The contest to deploy a nuclear reactor is not only about technology it is about who gets to write the rules of lunar settlement. NASA acting chief Sean Duffy has cautioned that the first country to put in a reactor would “declare a keep-out zone which would severely preclude the United States from having a planned Artemis presence unless they get there first.” With China and Russia working on a joint reactor by the mid-2030s, and the U.S. aiming for 2029, the interest is piqued. Everybody wants to be first, because nobody has any laws or treaties governing the colonisation of the moon, notes Nottingham Trent University astrophysicist Ian Whittaker. Energy infrastructure might become the foundation for territorial claims, particularly around the lunar south pole, where sunlight and water ice are most readily available.
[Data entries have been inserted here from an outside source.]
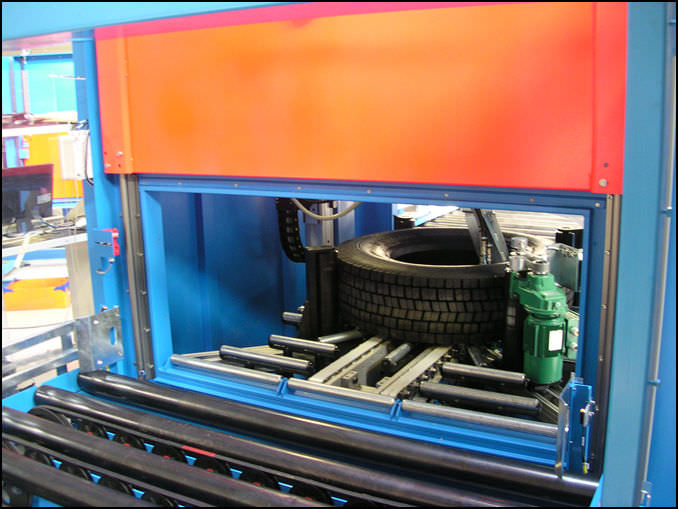 X線検査機 CyXplus タイヤ用 / インライン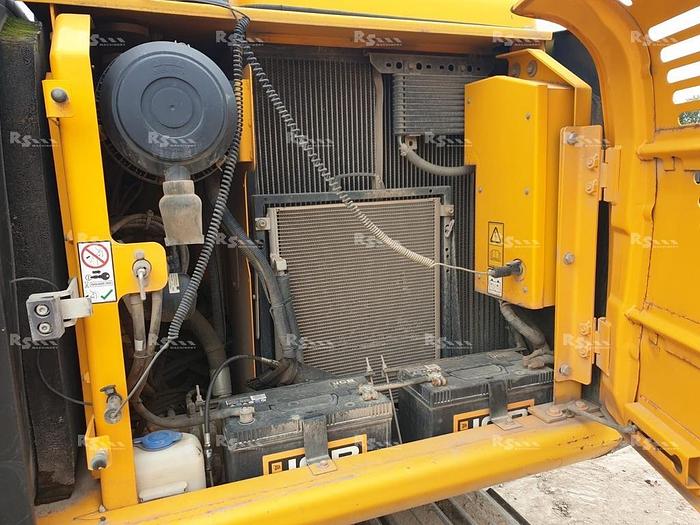 Used JCB JS130 LC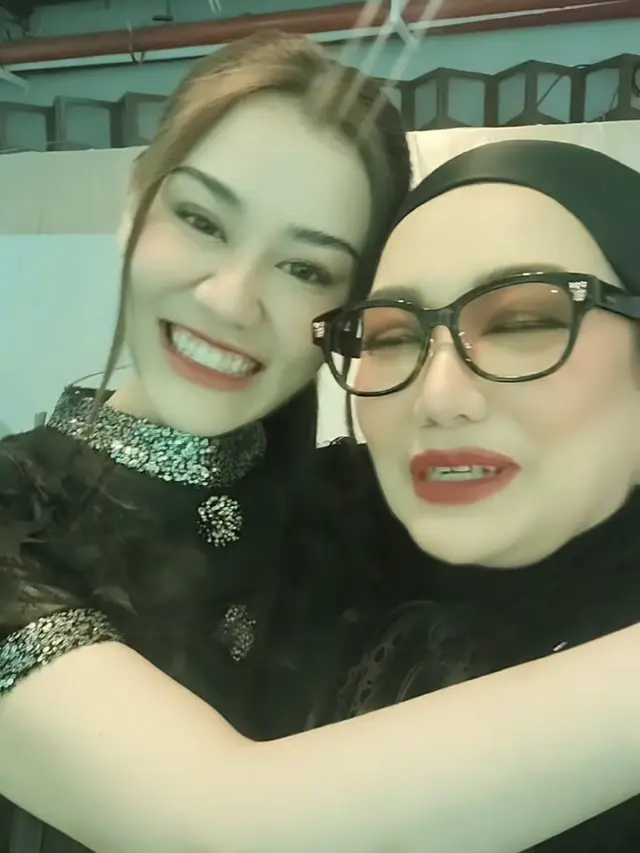 Aaliyah Massaid saat Hadir Gala Premier Film Dokumenter Rossa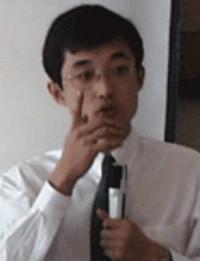 何冰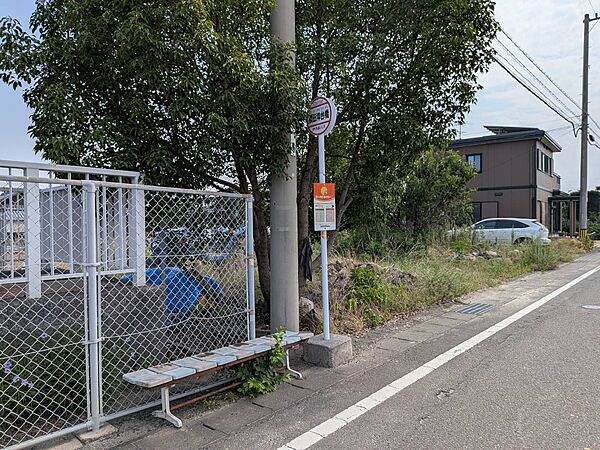 バス停すぐそば。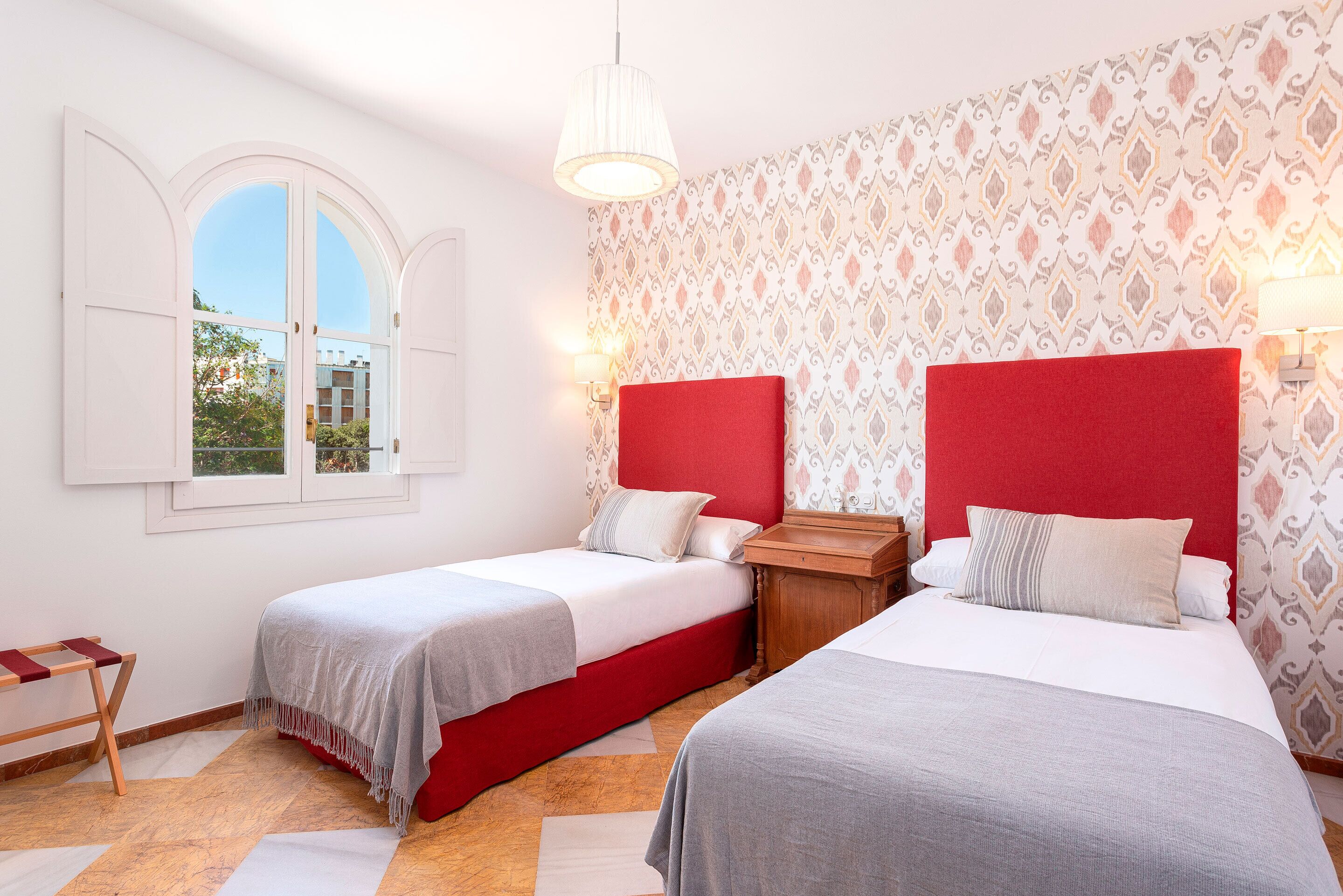 Huis (6 Bedrooms) | 6 slaapkamers, een strijkplank/strijkijzer, gratis wifi, beddengoed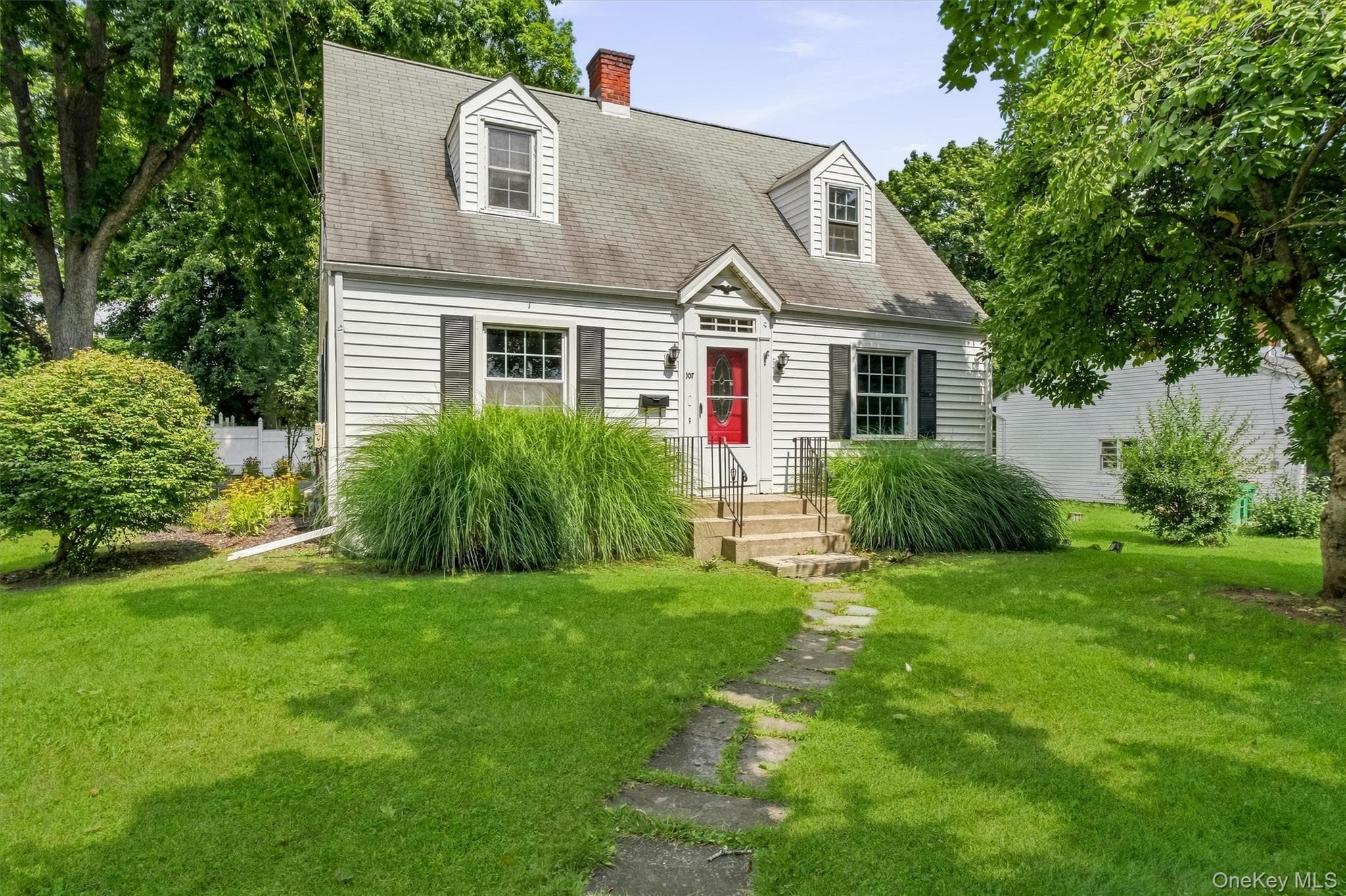 107 E Cedar Street thumbnail 5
7. Safety Protocols and International Cooperation
Regardless of the competitive posturing, safety is a global concern. Both international and U.S. regulations, like those for the United Nations Office for Outer Space Affairs, highlight the importance of strong safety controls, such as reactor shutdown mechanisms, end-of-life dealing, and accident resiliency. The microreactors themselves are not that difficult and fast to construct, opines Carlo Carrelli, nuclear energy specialist, but “we would only use a system if that system is safe in all phases of its life cycle.”

The expectation among many scientists is that the spirit of international cooperation of the International Space Station could be applied someday to lunar nuclear facilities, though today’s geopolitical tensions make such cooperation unlikely. The technical problems are daunting, but the reward is obvious: the first country to dominate lunar nuclear energy will determine the terms of humanity’s next giant stride.